Chapter Two - Types of Baghouses

The types of baghouses are classified by their cleaning process. The shaker, reverse air, and pulse jet cleaning methods are also referred to as gas, compressed air, and mechanical cleaning. These three forms of filtration each have advantages.

A filter bag system uses filter bags to remove contaminants and can be easily modified. Filter bags are very durable but are not suitable for wet or moist filtration. Cartridge collectors are used for fine materials, while cyclone collectors are capable of operating at extreme temperatures.

Shaker Baghouse

A shaker baghouse uses a mechanical process to clean dust cakes out of the filtration system. The bags hang from the top of the unit and are fastened to a tube sheet at the bottom of the enclosure. Unfiltered air enters from the bottom and is pulled up through the system into the filters. The cleaned air exits at the top, while the collected contaminants remain in the filter bags.

The cleaning process begins when the airflow is stopped. Mechanical shaking is similar to shaking the dirt out of a rug. The hangers at the top of the enclosure shake the filter bags, and the caked dust and dirt fall out through the bottom.

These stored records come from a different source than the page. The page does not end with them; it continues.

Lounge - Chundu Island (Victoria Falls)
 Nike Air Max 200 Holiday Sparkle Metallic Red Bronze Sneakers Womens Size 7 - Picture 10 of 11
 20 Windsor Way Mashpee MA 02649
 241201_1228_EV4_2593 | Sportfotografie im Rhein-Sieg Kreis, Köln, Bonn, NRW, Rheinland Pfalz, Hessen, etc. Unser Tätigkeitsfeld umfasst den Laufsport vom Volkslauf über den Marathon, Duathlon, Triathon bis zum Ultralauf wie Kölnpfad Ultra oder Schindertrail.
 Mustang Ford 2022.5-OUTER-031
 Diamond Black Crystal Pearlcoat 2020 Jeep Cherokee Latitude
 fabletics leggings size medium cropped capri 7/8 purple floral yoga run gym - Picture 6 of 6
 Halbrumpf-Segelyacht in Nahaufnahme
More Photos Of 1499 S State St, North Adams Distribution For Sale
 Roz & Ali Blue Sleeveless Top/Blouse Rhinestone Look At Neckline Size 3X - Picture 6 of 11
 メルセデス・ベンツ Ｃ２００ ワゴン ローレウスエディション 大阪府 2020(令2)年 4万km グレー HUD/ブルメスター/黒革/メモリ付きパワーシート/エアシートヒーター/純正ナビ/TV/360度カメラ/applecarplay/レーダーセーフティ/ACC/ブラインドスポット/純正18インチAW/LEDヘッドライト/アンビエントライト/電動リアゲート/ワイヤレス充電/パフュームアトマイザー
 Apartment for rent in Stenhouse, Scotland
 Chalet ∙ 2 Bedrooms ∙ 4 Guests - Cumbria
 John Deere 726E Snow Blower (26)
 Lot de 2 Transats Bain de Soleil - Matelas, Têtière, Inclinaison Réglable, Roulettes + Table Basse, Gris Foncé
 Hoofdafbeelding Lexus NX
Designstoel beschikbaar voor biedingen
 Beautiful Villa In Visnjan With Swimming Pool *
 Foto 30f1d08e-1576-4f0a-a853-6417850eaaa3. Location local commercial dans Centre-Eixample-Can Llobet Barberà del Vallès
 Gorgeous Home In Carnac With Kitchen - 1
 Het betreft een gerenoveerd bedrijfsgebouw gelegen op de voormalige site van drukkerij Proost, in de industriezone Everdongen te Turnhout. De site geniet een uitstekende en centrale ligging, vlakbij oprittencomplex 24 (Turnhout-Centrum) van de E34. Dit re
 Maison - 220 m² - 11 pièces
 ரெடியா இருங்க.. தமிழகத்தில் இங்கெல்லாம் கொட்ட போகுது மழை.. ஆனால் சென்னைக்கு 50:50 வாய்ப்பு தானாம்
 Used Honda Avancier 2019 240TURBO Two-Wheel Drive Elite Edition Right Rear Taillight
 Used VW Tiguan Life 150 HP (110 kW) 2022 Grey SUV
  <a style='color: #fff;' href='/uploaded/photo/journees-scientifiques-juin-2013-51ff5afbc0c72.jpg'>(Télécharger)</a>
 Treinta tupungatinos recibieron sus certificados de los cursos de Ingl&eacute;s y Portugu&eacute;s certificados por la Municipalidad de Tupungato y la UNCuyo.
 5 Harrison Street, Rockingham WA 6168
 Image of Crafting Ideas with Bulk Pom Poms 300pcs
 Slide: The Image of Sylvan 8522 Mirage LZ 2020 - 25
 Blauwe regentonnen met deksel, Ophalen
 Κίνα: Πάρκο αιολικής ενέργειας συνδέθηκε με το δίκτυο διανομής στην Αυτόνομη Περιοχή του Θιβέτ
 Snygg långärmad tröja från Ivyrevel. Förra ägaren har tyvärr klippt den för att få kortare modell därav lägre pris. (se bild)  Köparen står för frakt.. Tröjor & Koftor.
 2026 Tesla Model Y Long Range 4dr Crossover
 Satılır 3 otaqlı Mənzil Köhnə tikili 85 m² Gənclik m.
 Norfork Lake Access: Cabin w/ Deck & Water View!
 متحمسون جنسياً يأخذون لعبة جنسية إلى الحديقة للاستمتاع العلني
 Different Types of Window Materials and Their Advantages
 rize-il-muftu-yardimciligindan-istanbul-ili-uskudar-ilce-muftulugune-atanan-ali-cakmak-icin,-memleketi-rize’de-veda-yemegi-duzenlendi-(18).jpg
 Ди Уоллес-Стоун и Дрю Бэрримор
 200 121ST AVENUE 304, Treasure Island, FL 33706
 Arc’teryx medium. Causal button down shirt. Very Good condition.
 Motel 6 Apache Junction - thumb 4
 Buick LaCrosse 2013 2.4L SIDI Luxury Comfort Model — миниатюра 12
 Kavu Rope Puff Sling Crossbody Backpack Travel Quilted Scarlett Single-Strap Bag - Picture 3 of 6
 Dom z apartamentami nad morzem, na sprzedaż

Shaker baghouse cleaning is the simplest cleaning process but is not the most efficient. The hanging bags have to be checked frequently and require a great deal of maintenance and upkeep.

Reverse Air Baghouse (R/A)

In a reverse air baghouse, the bags are attached to a cell plate at the bottom of the enclosure and hung from a frame at the top for support so the air pressure will not collapse them. As the air is pulled in, dust and dirt collect outside the filter bags. A fan or a medium-pressure blower on a rotating arm directs air into the bags at low pressure to remove dust.

The two types of reverse air baghouses are 1) round and 2) rectangular with multi-compartments. The round version has a fan or medium-pressure blower at the top and can be cleaned during operation. The rectangular version is divided into compartments that are shut down one at a time during cleaning.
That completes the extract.